#### [Source material]
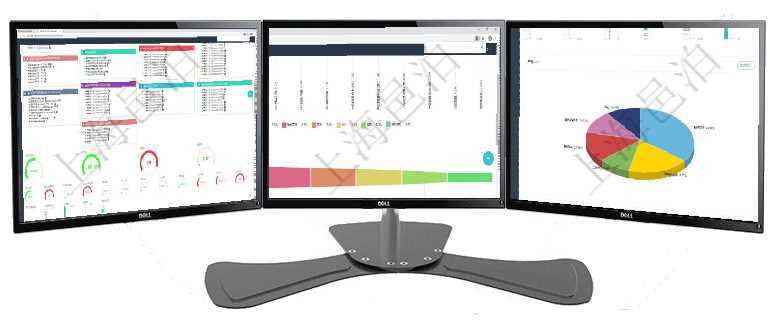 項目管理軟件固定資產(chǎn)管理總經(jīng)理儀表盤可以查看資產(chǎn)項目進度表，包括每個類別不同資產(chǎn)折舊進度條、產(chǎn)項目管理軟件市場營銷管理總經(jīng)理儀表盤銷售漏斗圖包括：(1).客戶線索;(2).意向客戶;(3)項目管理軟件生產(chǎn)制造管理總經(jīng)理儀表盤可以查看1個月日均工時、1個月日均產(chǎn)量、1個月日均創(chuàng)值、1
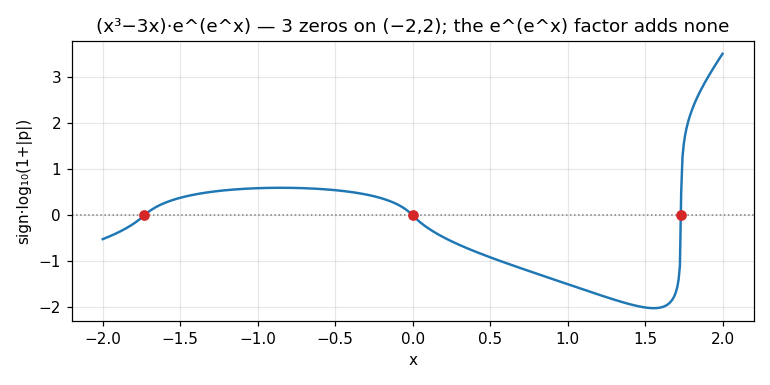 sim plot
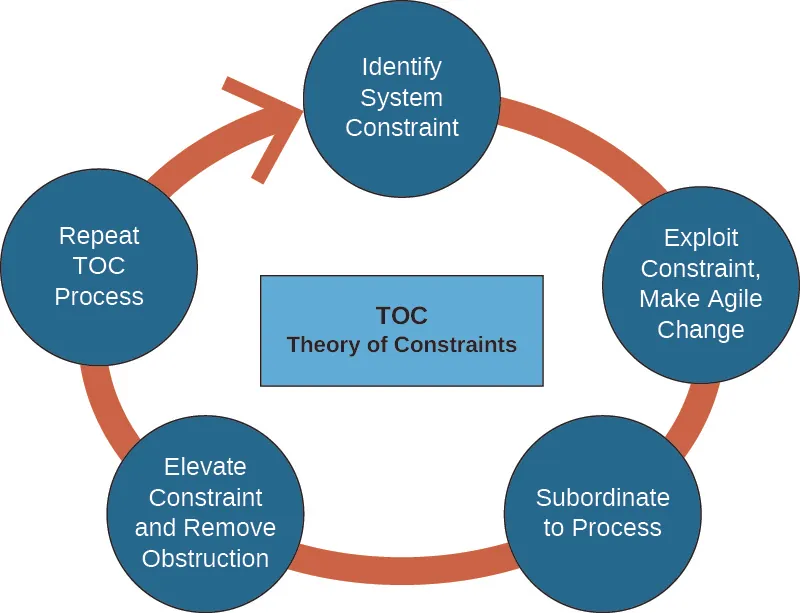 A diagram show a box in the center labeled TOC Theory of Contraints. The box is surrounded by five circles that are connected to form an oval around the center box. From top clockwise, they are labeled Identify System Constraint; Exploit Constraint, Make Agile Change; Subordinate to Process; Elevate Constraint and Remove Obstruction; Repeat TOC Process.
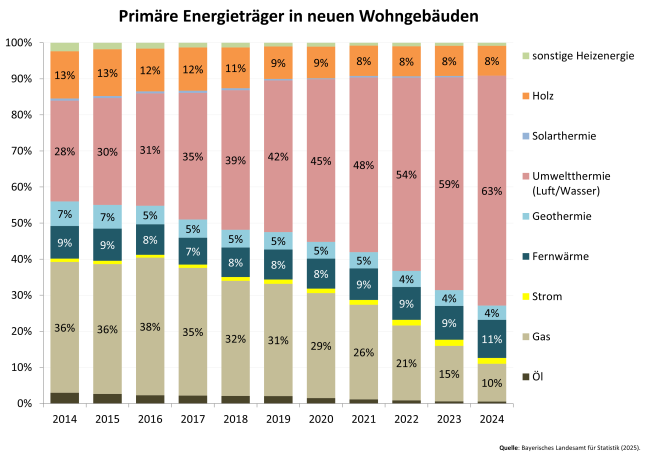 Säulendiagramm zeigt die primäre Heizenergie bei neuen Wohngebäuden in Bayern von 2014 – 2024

#### [Assignment]
Set the whole listing down again unchanged, apart from the pictures, which are omitted.

#### [Answer to this exercise]
 項目管理軟件固定資產(chǎn)管理總經(jīng)理儀表盤可以查看資產(chǎn)項目進度表，包括每個類別不同資產(chǎn)折舊進度條、產(chǎn)項目管理軟件市場營銷管理總經(jīng)理儀表盤銷售漏斗圖包括：(1).客戶線索;(2).意向客戶;(3)項目管理軟件生產(chǎn)制造管理總經(jīng)理儀表盤可以查看1個月日均工時、1個月日均產(chǎn)量、1個月日均創(chuàng)值、1
 sim plot
 A diagram show a box in the center labeled TOC Theory of Contraints. The box is surrounded by five circles that are connected to form an oval around the center box. From top clockwise, they are labeled Identify System Constraint; Exploit Constraint, Make Agile Change; Subordinate to Process; Elevate Constraint and Remove Obstruction; Repeat TOC Process.
 Säulendiagramm zeigt die primäre Heizenergie bei neuen Wohngebäuden in Bayern von 2014 – 2024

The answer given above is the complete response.